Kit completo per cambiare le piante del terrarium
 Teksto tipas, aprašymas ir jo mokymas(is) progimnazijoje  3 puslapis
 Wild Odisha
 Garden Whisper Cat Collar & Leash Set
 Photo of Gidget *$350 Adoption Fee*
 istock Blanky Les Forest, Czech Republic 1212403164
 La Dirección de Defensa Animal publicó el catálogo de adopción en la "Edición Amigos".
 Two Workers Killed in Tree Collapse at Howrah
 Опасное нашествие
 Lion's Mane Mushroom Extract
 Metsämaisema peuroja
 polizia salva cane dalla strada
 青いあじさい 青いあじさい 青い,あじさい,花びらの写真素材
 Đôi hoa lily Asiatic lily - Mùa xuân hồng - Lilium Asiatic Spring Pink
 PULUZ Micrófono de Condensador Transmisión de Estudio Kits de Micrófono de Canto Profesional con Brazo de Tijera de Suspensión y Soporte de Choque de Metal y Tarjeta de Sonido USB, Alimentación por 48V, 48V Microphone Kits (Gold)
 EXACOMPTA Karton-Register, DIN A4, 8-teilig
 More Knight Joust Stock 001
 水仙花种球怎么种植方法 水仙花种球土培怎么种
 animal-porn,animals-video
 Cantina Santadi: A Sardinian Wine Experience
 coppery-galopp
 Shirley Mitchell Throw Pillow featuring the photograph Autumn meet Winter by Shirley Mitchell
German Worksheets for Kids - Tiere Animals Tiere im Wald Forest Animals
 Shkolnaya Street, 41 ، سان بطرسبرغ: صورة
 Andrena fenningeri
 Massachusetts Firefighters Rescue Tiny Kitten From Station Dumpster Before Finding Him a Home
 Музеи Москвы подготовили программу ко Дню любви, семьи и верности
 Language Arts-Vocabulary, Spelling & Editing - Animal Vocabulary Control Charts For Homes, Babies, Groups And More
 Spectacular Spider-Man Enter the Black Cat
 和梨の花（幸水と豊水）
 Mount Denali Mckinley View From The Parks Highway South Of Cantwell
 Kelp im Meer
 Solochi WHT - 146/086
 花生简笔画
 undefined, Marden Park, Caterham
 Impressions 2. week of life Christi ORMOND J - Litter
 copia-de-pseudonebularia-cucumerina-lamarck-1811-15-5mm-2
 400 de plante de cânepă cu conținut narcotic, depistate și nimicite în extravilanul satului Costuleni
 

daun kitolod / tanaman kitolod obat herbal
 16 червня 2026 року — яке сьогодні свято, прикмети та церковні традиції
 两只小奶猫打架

DESCRIPTION OF THE TASK: Identify the lines above with the word "From". Copy them.

WRITTEN RESPONSE:
 Massachusetts Firefighters Rescue Tiny Kitten From Station Dumpster Before Finding Him a Home
 Mount Denali Mckinley View From The Parks Highway South Of Cantwell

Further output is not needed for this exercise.